(Beginning of Data listing)
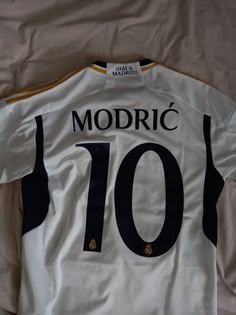 the jersey is white with black trim and has gold details on the chest, which reads modric's 10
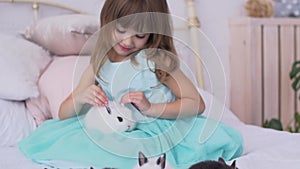 Pretty girl having fun, hugging and playing with decorative rabbit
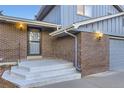 Welcoming front entrance featuring a brick facade and covered porch at 7380 Tabor St, Arvada, CO 80005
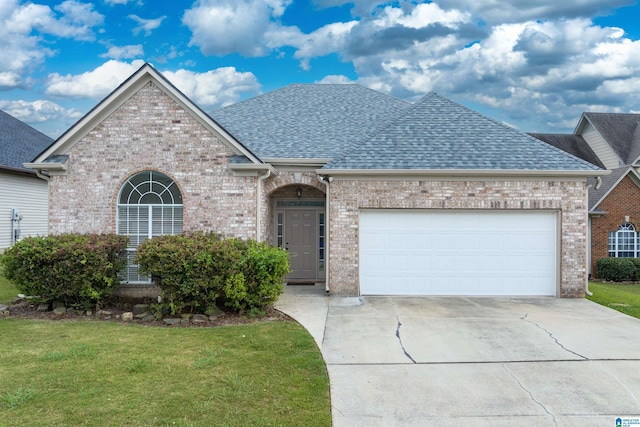 view of front of property featuring a garage and a front lawn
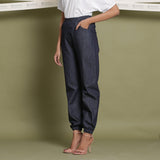 Left View of a Model wearing Indigo Cotton Denim Elasticated Mid-Rise Jogger Pant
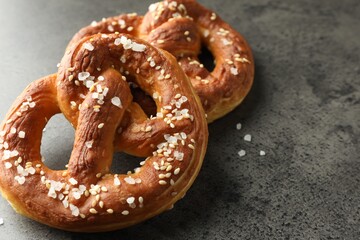 Tasty pretzels with salt on grey table, closeup. Space for text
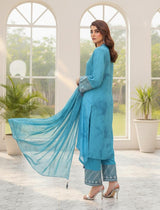 Model wearing Emeralds “Dream Catcher” — an aqua blue embroidered raw silk 3-piece set with silver detailing and Silk dupatta.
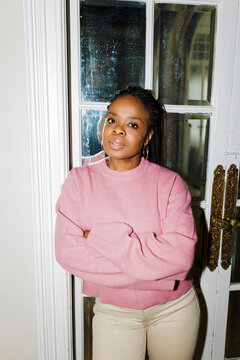 Woman with braided hair and pink sweater standing at home ugc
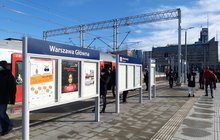Peron z tablicą z nazwą stacji Warszawa Główna, w tle podróżni.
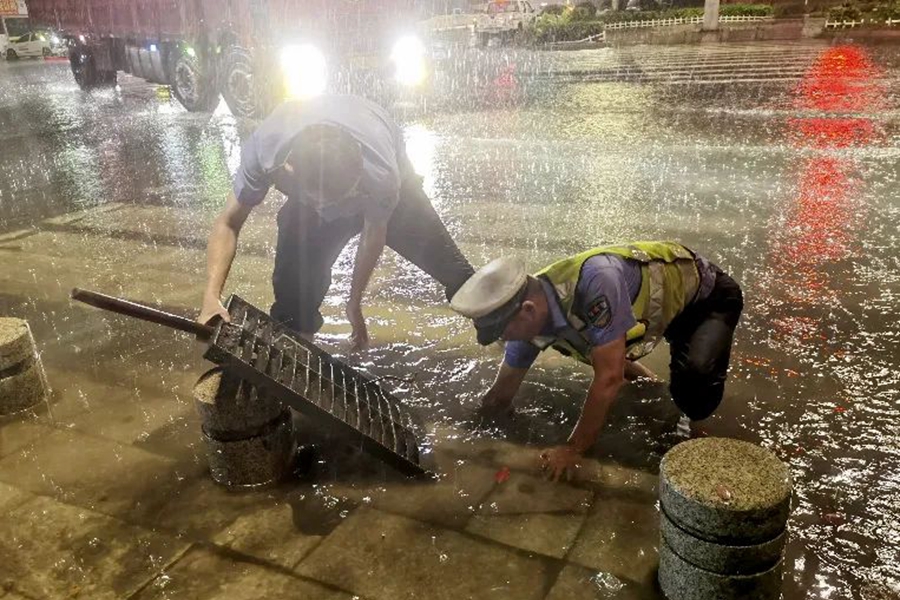 莆田市涵江區(qū)交警大隊民警對城涵東大道積水嚴重區(qū)域進行清淤排水。莆田市公安局供圖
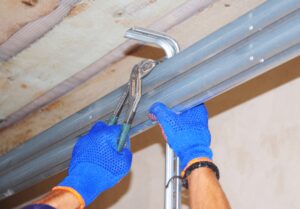 Why is my garage door jammed? Image of hands checking garage opener mechanism.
(End of Data listing)
- What is expected: Reproduce every entry exactly, but omit each picture.

- Task answer:
 the jersey is white with black trim and has gold details on the chest, which reads modric's 10
 Pretty girl having fun, hugging and playing with decorative rabbit
 Welcoming front entrance featuring a brick facade and covered porch at 7380 Tabor St, Arvada, CO 80005
 view of front of property featuring a garage and a front lawn
 Left View of a Model wearing Indigo Cotton Denim Elasticated Mid-Rise Jogger Pant
 Tasty pretzels with salt on grey table, closeup. Space for text
 Model wearing Emeralds “Dream Catcher” — an aqua blue embroidered raw silk 3-piece set with silver detailing and Silk dupatta.
 Woman with braided hair and pink sweater standing at home ugc
Peron z tablicą z nazwą stacji Warszawa Główna, w tle podróżni.
 莆田市涵江區(qū)交警大隊民警對城涵東大道積水嚴重區(qū)域進行清淤排水。莆田市公安局供圖
 Why is my garage door jammed? Image of hands checking garage opener mechanism.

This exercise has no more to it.